Your answer must match, word for word, the lines from the one holding "妖精面包房（玩法攻略和面包制作方法详解）" through the final line below, with pictures excluded.

Given information:
Content starts

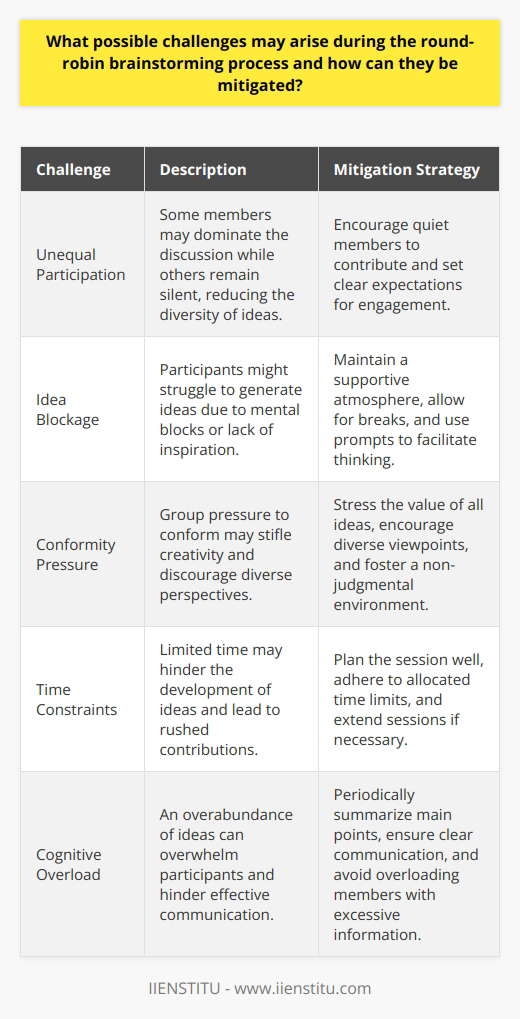 Challenges of Round-Robin Brainstorming Round-robin brainstorming is a structured method. It allows equal participation. However, it can face challenges. Recognizing these challenges is crucial. Addressing them effectively is as well. Unequal Participation Some members may dominate. Others may stay silent. This imbalance reduces idea diversity. Encouraging quiet members helps. Set clear expectations for engagement. Idea Blockage Participants might struggle to generate ideas. This is called idea blockage. Keep the atmosphere supportive. Allow for breaks. Use prompts to facilitate thinking. Conformity Pressure There is pressure to conform in groups. It may stifle creativity. Stress that all ideas are valuable. Diverse perspectives enrich brainstorming. Aim for a non-judgmental environment. Time Constraints Time is often limited. Ideas may need more time to develop. Plan the session well. Keep to the allocated time for each person. Extend sessions if necessary. Cognitive Load Many ideas can overwhelm participants. Too much information becomes a problem. Summarize main points periodically. Ensure clear communication. Avoid overloading members. Social Loafing Some may rely on others to contribute. This is social loafing. Encourage individual accountability. Highlight the importance of each contribution. Monitor participation levels. Off-Topic Discussion Discussions can stray. They become off-topic. Stay vigilant as a facilitator. Gently steer conversations back. Maintain focus on the task. To mitigate these challenges: -  Ensure equal turns : Every member speaks in turn. -  Build a supportive environment : Reduce fear of judgment. -  Impose time limits : Keep contributions concise. -  Restate and summarize : Clarify and refresh memories. -  Assign roles : Each member has a specific role. -  Use prompts : Aid those with idea blockage. -  Encourage individual accountability : Stress each persons importance. Embracing these strategies promotes effectiveness. Round-robin brainstorming becomes more fruitful. It leads to a plethora of innovative ideas.
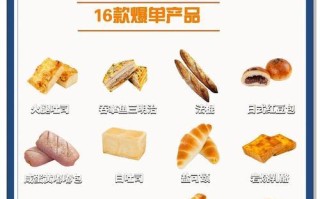妖精面包房（玩法攻略和面包制作方法详解）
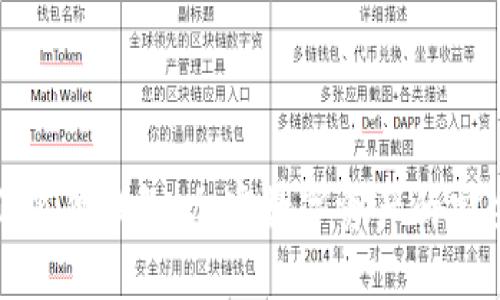 探索小狐狸钱包：加密数字资产的安全盾牌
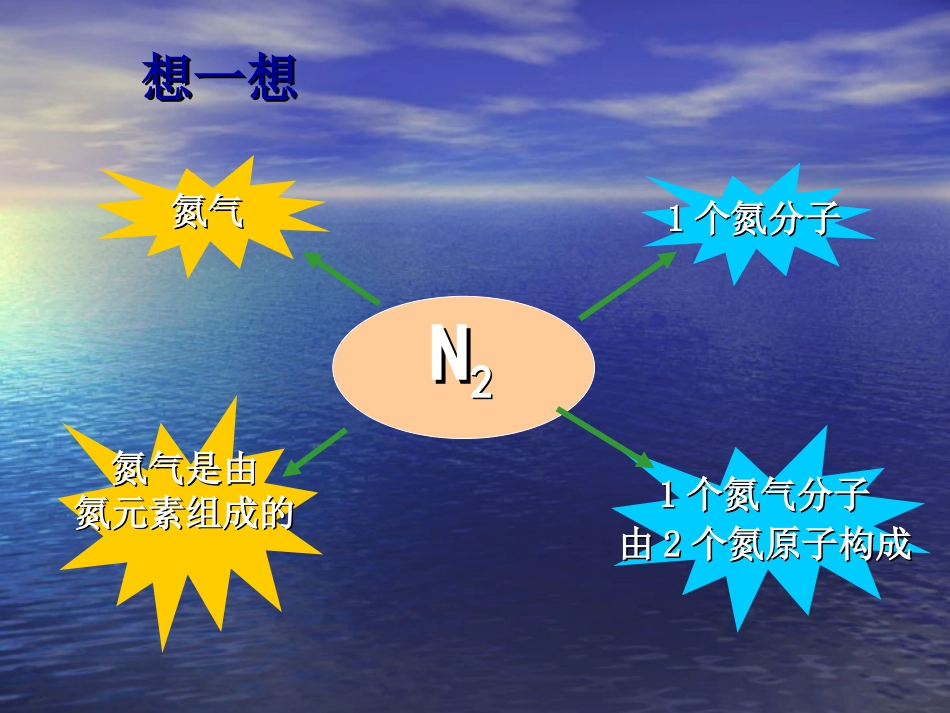 化学式与化合价课件（第2课时）_第3页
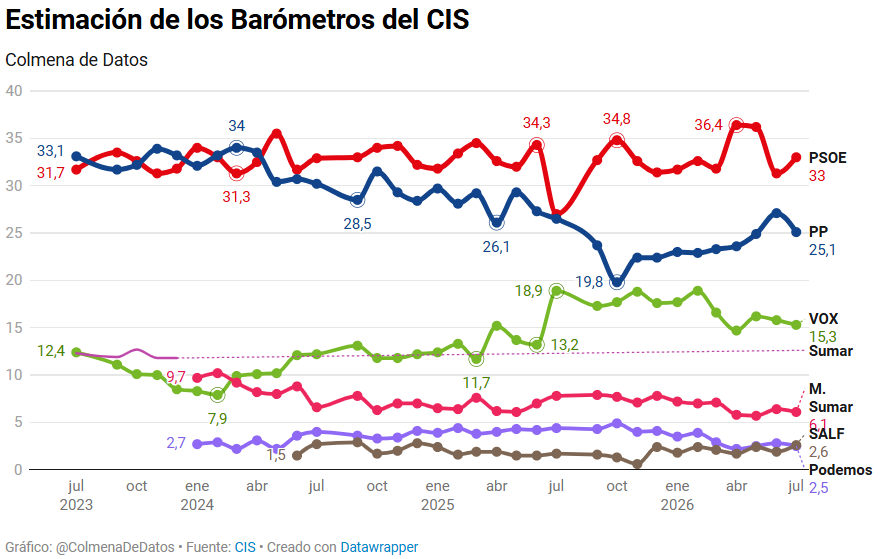 Evolución de las estimaciones del CIS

Content ends

Finished exercise:
妖精面包房（玩法攻略和面包制作方法详解）
 探索小狐狸钱包：加密数字资产的安全盾牌
 化学式与化合价课件（第2课时）_第3页
 Evolución de las estimaciones del CIS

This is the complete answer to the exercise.